AIG has several incredibly warm and cuddly commercials. One features a hysterically laughing baby (one has to ask the question this past week--is that baby still laughing?). The message--policyholders, you are safe, secure and happy being AIG customers. But after last week's takeover, are AIG insurance policyholders safe? With a sigh of relief, the answer is yes.
In the flurry of words on the Sunday talk shows it has been suggested again that the current crisis on Wall Street shows that insurance should be regulated by the feds and not the states. A commenter on my previous blog posed the question: do you want fifty chimps or one gorilla?
We all have a stake in how AIG treats its policyholders, and a stake in how the whole industry works too. Without the atmosphere of trust and good faith that surrounds insurance, no one could get a loan to buy cars or homes. Imagine where the economy would be without credit and the insurance industry.
AIG's financial meltdown this past week was not the result of failed insurance regulation. (Go ahead. Read that one more time, real slow.) AIG has about seventy insurance company subsidiaries. Each and every one is under the jurisdiction of a state insurance regulator. Not a single AIG insurance subsidiary is insolvent. Not a single one, or all of them together, is the cause of AIG's difficulty. The fault for AIG's woes lies in two federal laws that hurled us headlong into financial services deregulation. As a result of this deregulation, AIG's non-insurance parent company is not held to the same investment, accounting and capital adequacy standards as its state-regulated insurance subsidiaries.
According to the first one, the 1999 Gramm Leach Bliley Act, state insurance regulatory authority is limited to actual insurance entities and transactions with those entities. Senator Phil Gramm (the guy who thinks we are a nation of whiners and having a "mental recession") led the Senate Banking Committee that sponsored the act that bears his name. He later joined UBS Warburg, the investment banking arm of a large Swiss bank as a lobbyist. The second piece of deregulation legislation Phil Gramm deserves to be known for is the Commodity Futures Modernization Act of 2000. The act specifically banned regulation of something called "credit default swaps." And it is precisely the creation and trading of these unregulated CDS's that led to AIG's downfall.

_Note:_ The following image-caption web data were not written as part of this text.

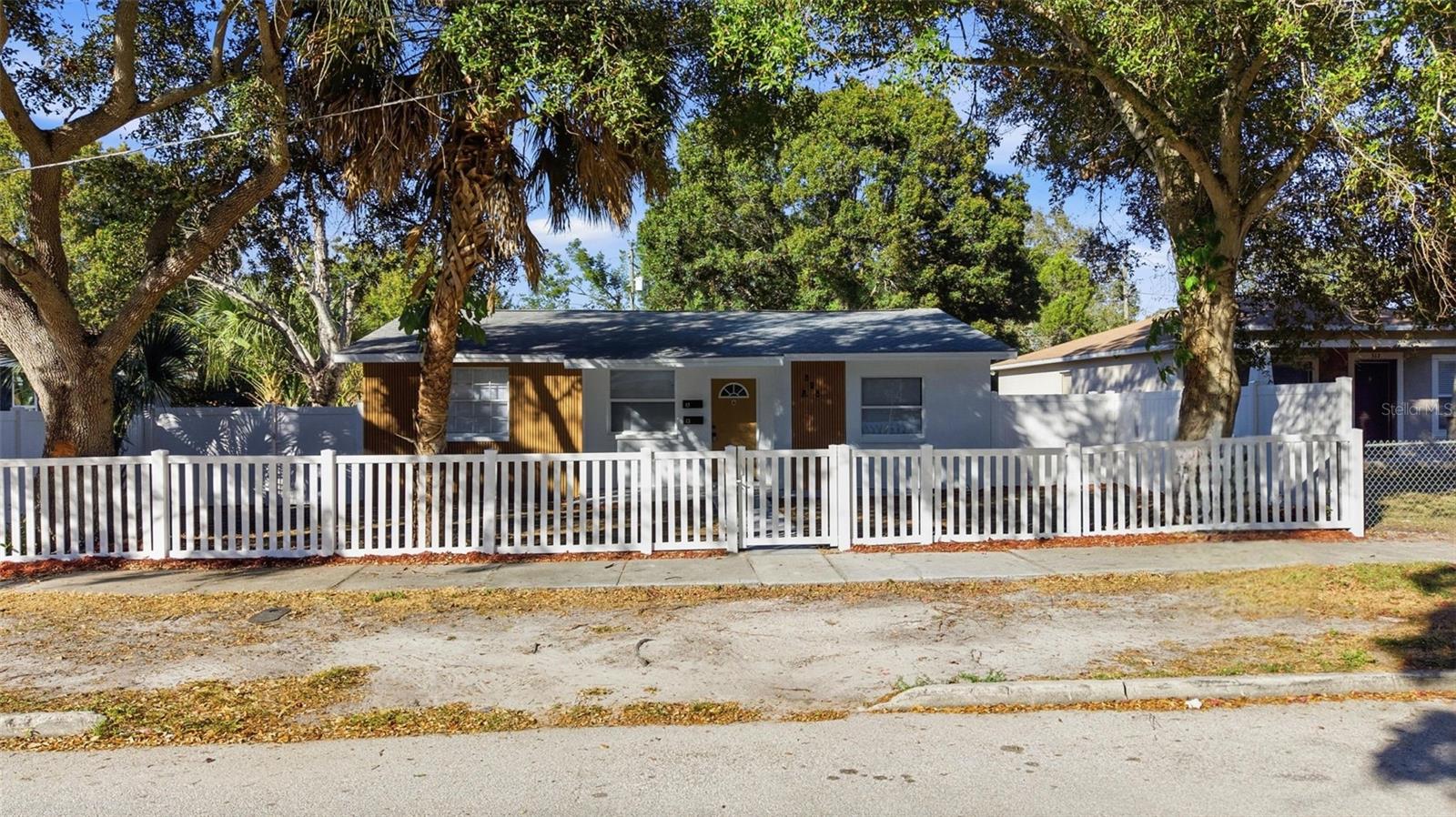 Image 46 of 68 For 525 27th Avenue S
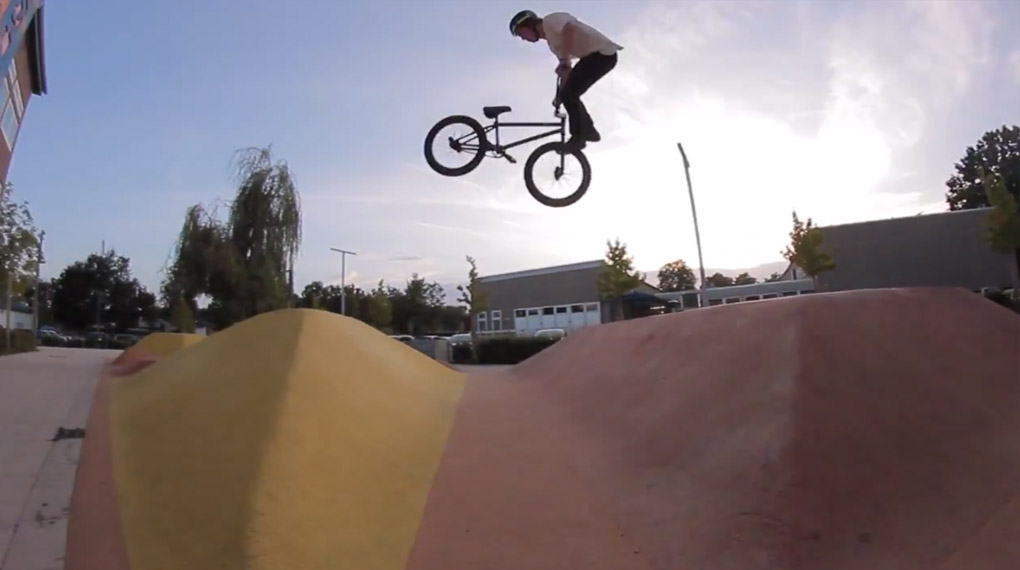 Felix Prangenberg hat für wethepeople seine schier bodenlose Trickkiste geöffnet. Das Ergebnis ist ein Welcome-Edit, den du nicht verpassen solltest!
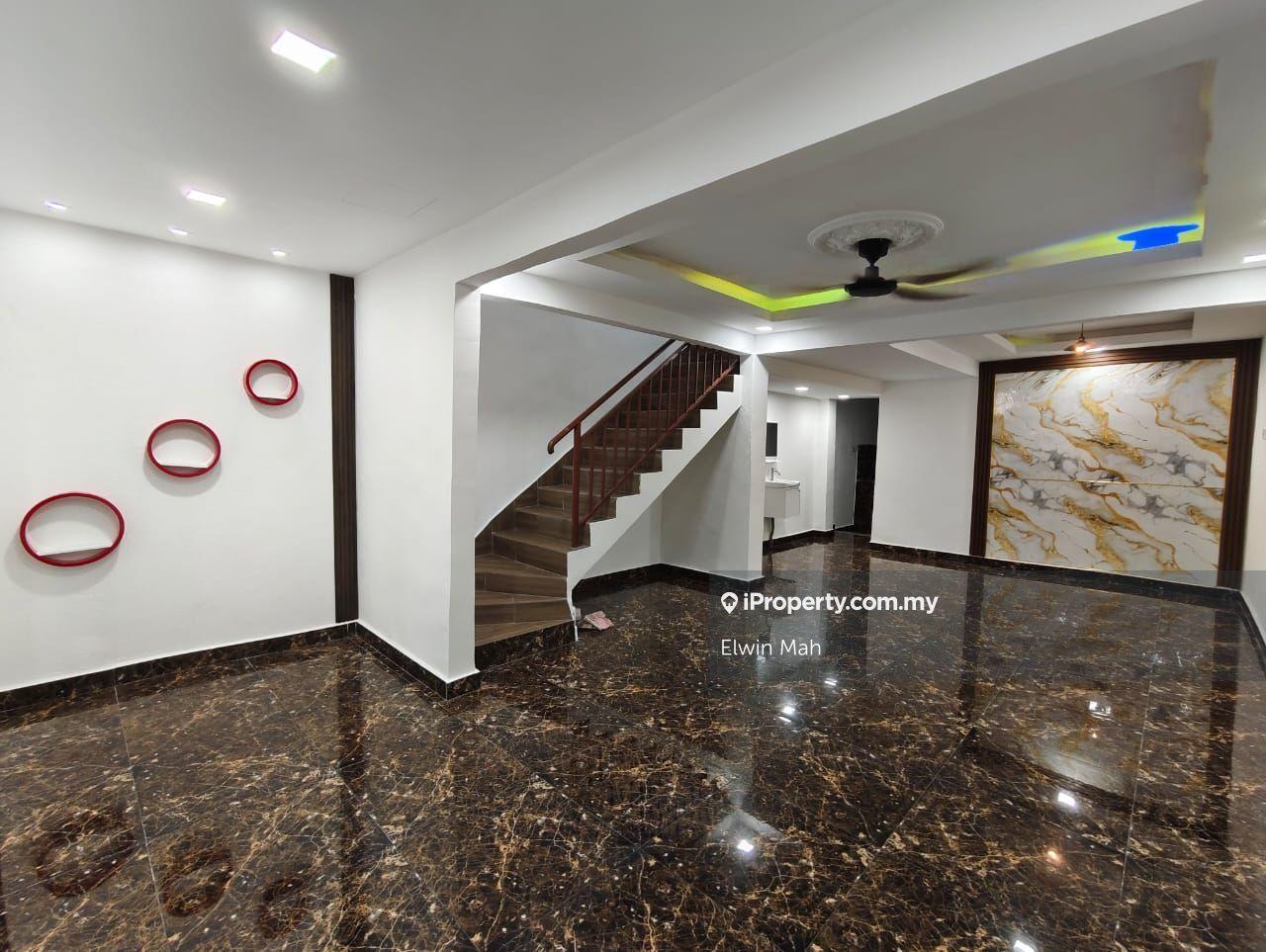 Fully Renovated & Fully Extended 2 Storey Terrace Move In Condition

In a nutshell, here is how a CDS works. Imagine lending money to your brother-in-law whose creditworthiness is only so-so. You would be reassured to find someone who would guarantee repayment of the loan -- even if you had to pay a premium for the guarantee. This arrangement is a "credit default swap." Now, further imagine that your brother-in-law defaults, and the guarantor of the loan doesn't have the capacity to pay off either. In the unregulated world of credit swaps no one has really paid attention (and the hands of state insurance regulators were tied) to whether the sellers of were capable of meeting their obligations. As a result of a wave of bad home mortgage loans threatens to capsize our whole financial industry, including a number of "unsinkable" giants like AIG.
As AIG was floundering last week, insurance regulators were concerned that the company might raid the funds of its insurance subsidiaries. The regulators were fully prepared to seize the subsidiaries in order to protect policyholders - literally, to throw out management and change the locks. Fortunately for AIG, it didn't come to that.
In the aftermath of the AIG and other bailouts, people are asking what permanent reforms are needed. So what about the suggestion that federal regulation of insurance is needed because having the fifty states regulate insurance is too disjointed? I would strongly disagree. State regulators can be faulted for many things (including being ardent and mistaken supporters of Gramm Leach Bliley) but they did the job they are supposed to do by protecting AIG policyholders. However, I would suggest at least two reforms. First, we should re-create the Depression-era wall of separation between insurance and banking that was torn down by the Gramm Leach Bliley Act. (Some provisions of GLBA are arguably beneficial, so I don't suggest a total repeal.)
Second, credit swaps and other exotic financial securities need oversight. Insurance regulators faced a similar challenge in the 1990's when insurers were investing heavily in junk bonds. At the request of insurance regulators, state legislators in many states acted to limit exposure to these risky investments. Congress needs to similarly rein in the use of risky credit default swaps.